Donc à carrefour market j’ai vu des côtes d’agneau de Nouvelle Zélande à 7.5 € du kilo et une rouelle de port à 3.5 € du kilo. J’ai vu chez Lidl des entrecôtes à 12 € du kilo et des merguez à 9 €. Vous comprenez qu’avec des prix pareils, l’éleveur ne peut pas s’y retrouver, mais il est évident que même si l’éleveur donne son bétail, les intermédiaires ainsi que le magasin ne rentreront pas dans leur frais.

Après enquête, quand le bœuf est vendu à la boucherie 12 € du kilo, l’éleveur a vendu la bête vivante 6.5 euro et avec le prix des aliments et tout le reste il accuse une perte d’environ 20 centimes du kilo. Il vend donc à perte. L’intermédiaire (abattoir, grossistes, frigo, transports etc.) touche 3.3 euro du kilo et fait un bénéfice cumulé de 6 centimes au kilo. La grande surface touche 2.2 euro et avec les couts en personnel (boucher, vendeur, caissière) et en indirect (électricité rayon réfrigéré) il accuse une perte de 3 centimes. Cette dernière s’en fiche, car la viande est un produit d’appel pour attirer le chaland qui achètera en plus des produits plus rémunérateurs. En résumé : personne ne se gave sur la viande et tout le monde perd de l’argent.

 

A cela vient s’ajouter un autre phénomène : nous consommons de moins en moins de viande et la part des viandes blanches, particulièrement de volailles, s'accroît au détriment des viandes chevaline, ovine et bovine.
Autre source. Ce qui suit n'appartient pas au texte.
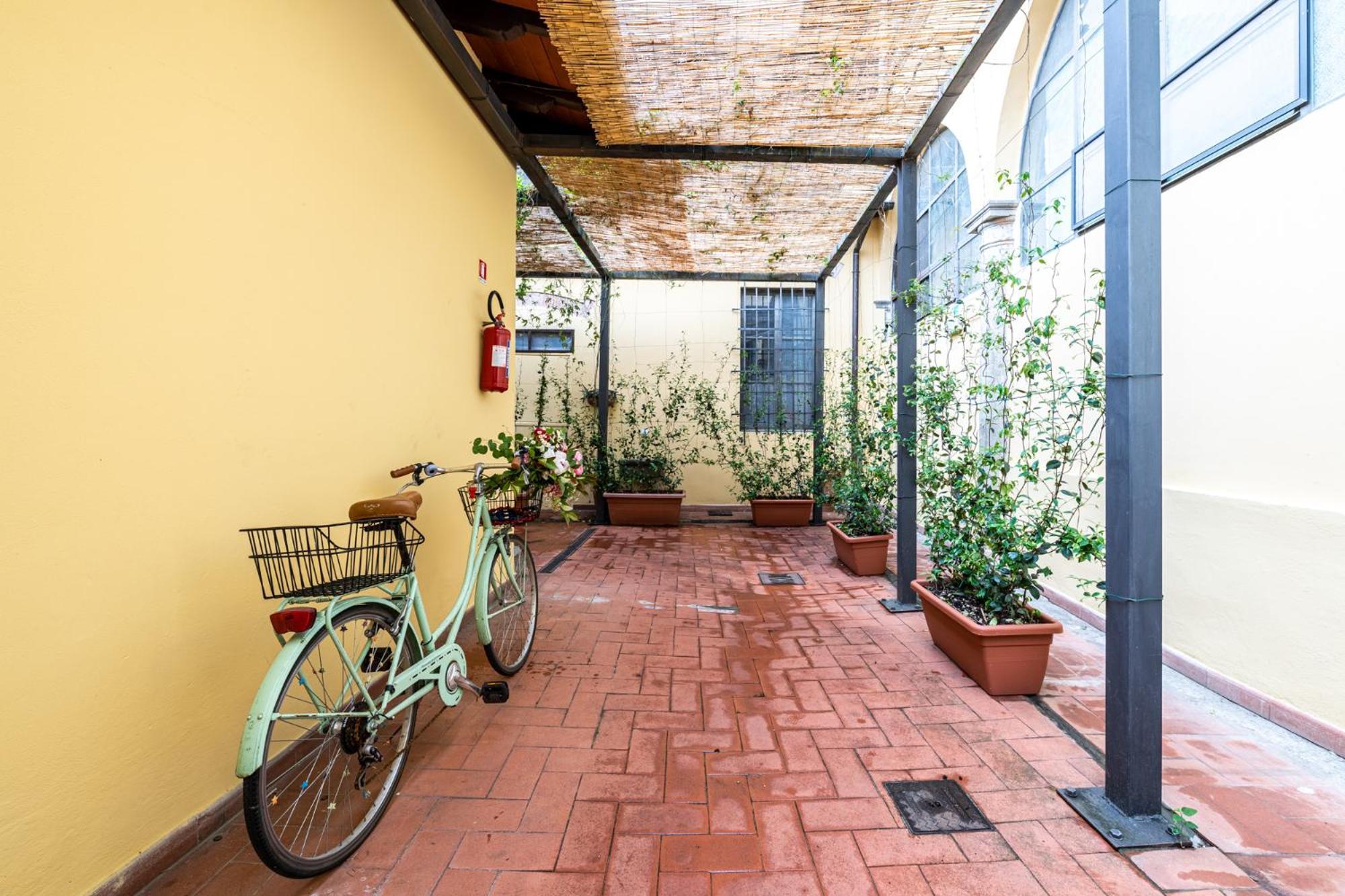 Cortile Santa Monaca Apartment Флоренция Екстериор снимка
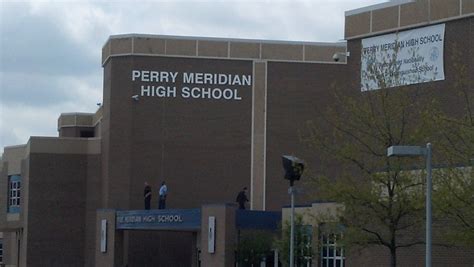 Perry Meridian High School evacuated after smoke discovered | Fox 59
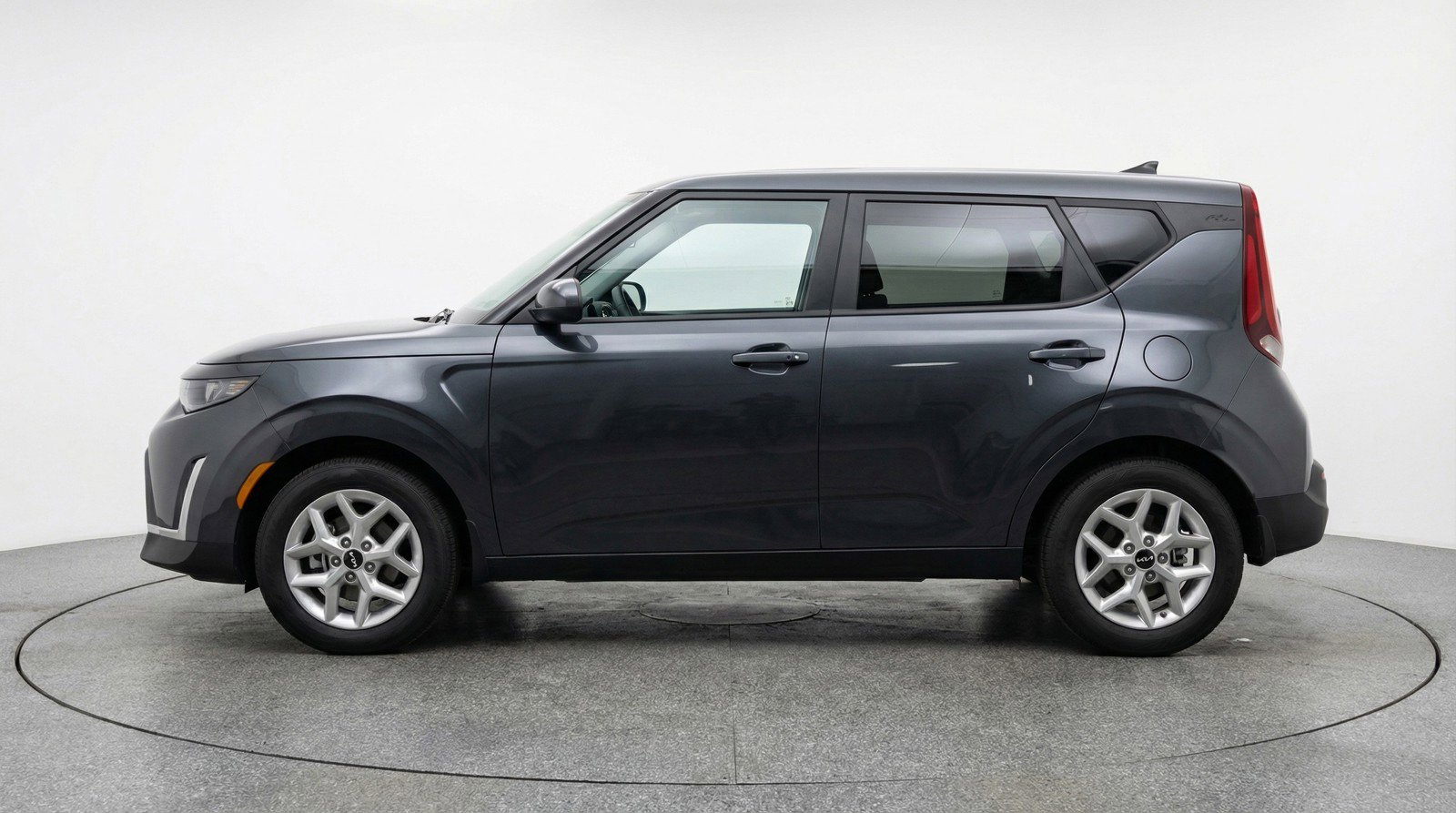 Used 2025 Kia Soul LX w/ LX Technology Package image 3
La consommation individuelle de viande bovine est passée en 1970 de 30,1 kg par an et par habitant à 25,4 kg en 2009, alors que celle de volailles de 12,2 kg à 24,2 kg. Donc si vous augmentez les prix de la viande pour que la filière s’y retrouve, vous allez faire le bonheur des producteurs de volailles qui est, il faut le rappeler, la viande la plus importée dans notre pays.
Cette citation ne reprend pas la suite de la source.